◆ WHAT TO PRODUCE: Look below for the lines from the one with "5NPDH4AE5DH302355 2013 HYUNDAI" to the one with "Glasses Dsquared2 D20074", and copy exactly those lines, both ends included.

Start of DATASET CONTENT

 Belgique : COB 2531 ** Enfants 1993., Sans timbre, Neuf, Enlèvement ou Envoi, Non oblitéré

End of DATASET CONTENT
Start of DATASET CONTENT

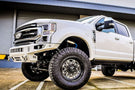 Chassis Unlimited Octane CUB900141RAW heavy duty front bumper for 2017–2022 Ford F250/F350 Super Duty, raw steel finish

End of DATASET CONTENT
Start of DATASET CONTENT

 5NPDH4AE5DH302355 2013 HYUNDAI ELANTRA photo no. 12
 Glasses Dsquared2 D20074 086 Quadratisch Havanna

End of DATASET CONTENT

◆ ANSWER TO THIS PROBLEM:
 5NPDH4AE5DH302355 2013 HYUNDAI ELANTRA photo no. 12
 Glasses Dsquared2 D20074 086 Quadratisch Havanna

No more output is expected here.